April: White and Blue, Lights All Green.
It is April third. I am 225 miles east of our home, and still flying east away from home. Below me the tundra is a solid, unbroken, unmarked sheet of white. Above and around me, as I sit in the little cockpit of the Husky, is the sky – blue, cloudless, cold, with an invisible headwind pushing more cold air out of the northeast at about 15 knots. The temperature gauge poking out through the windscreen reads -33 degrees Celsius, about 25 below zero Fahrenheit. I glance for the hundredth time at the engine gauges: oil pressure, manifold pressure, RPM, exhaust gas temperature, CHT… all is well, all the lights are green, all the needles are pointing at reasonable places on the dials.

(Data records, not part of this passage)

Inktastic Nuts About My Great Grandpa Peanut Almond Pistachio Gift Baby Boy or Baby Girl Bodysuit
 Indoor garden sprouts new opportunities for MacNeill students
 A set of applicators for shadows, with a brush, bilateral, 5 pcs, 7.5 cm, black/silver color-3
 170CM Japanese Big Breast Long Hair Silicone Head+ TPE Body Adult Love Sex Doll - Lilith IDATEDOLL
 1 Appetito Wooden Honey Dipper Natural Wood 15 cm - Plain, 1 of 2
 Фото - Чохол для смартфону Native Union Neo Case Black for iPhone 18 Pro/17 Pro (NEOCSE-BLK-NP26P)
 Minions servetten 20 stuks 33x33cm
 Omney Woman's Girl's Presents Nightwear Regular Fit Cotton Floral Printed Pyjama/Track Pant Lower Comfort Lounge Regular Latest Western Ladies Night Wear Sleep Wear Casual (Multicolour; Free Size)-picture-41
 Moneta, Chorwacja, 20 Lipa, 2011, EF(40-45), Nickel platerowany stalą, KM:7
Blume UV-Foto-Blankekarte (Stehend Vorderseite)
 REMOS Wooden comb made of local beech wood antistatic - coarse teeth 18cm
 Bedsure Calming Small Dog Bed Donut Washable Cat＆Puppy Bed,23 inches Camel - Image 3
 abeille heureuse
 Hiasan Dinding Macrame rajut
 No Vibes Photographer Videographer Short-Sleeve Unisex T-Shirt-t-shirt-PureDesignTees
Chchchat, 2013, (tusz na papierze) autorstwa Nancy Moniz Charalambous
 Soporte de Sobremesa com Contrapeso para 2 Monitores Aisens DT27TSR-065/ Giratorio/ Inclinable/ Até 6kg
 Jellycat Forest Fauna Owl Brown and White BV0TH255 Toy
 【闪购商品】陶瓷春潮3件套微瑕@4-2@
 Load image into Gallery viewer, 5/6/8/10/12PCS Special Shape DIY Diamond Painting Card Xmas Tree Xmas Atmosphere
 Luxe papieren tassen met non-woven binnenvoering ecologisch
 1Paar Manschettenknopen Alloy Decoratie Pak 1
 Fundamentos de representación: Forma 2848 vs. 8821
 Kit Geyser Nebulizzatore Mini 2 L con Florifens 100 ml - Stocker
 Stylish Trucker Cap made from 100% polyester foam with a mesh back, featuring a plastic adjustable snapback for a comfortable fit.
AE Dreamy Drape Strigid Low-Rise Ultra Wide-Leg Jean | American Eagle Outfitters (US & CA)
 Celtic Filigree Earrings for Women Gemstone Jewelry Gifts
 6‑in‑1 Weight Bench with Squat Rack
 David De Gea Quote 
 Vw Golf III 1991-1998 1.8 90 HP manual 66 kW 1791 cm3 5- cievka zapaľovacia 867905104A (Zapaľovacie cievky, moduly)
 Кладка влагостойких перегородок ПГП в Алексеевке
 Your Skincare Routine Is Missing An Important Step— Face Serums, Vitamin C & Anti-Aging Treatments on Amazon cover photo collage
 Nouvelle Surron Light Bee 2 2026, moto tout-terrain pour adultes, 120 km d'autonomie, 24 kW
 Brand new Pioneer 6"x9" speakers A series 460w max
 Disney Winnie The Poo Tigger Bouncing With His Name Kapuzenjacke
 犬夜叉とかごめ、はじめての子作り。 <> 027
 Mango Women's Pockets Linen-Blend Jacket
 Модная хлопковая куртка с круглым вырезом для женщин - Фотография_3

Those are good, all those tiny green lights, because it is no exaggeration today to claim that I may be the most solitary human being on the mainland of North America, right now, 500 feet above the white, droning along through the blue, keeping a watchful, not to say nervous, eye on the greens.
32 years ago, April 1981, I was out here at ground level, not droning, but mushing, with one companion and ten dogs, grinding along at a few miles an hour in a quixotic quest to cross the barrens from Yellowknife to Baker Lake. In that we failed, I suppose you could say, because we finally turned tail and headed back toward Reliance, from Hornby Point on the Thelon. Discretion and judgement were the better part of valor, as they still are. With no radio, no satellite phone, no GPS or Spidertracks reporting, or any other damned widget remotely akin to any of those things, we were on our own out here in a way that today is almost hard to remember.
My task today is a caribou “recon” — a scouting mission for a more elaborate spring assessment of the population status of one of the remote herds of caribou in the world – the Beverley / Ahiak group. These caribou range across the north central barrens, from Artillery Lake on the west to Beverley Lake on the East, give or take, south to the treeline along the NWT border with Saskatchewan, and north to the coast of the Arctic Ocean.
There are no caribou in this part of the Finnie River drainage today. I saw some about a hundred miles back, just lying nonchalantly on a patch of tundra hilltop. But here, at 2 p.m. on April third, at 63° 49’ North by 102° 22’ West, it’s all just white and blue and cold out there. On the panel in front of me the little lights all green, and the magic-wizard screen of the GPS which somehow knows exactly where I am and how fast I am going and which way I should turn to find home.
Stuffed into the plane all around me are things I think I would like to have, were something to go awry out here. I have a satellite telephone, a little mountaineering tent, a 2-burner Coleman stove, three sleeping bags, a bucket of survival gear, about a jillion different stashes of matches and lighters; axe, saw, shovel, snowshoes, rifle, extra jugs of fuel for the plane, engine covers, wing covers, a pack of playing cards, parka, fur hat, spare mitts…
I don’t really talk to my plane very often, or to my engine, but in the back of my mind a voice is mumbling “Just keep tickin’ over baby, just keep tickin’ over. I want to be home by a hot woodstove tonight, easy in the easy chair, back in the spruce and birch trees on the north shore of McLeod Bay.”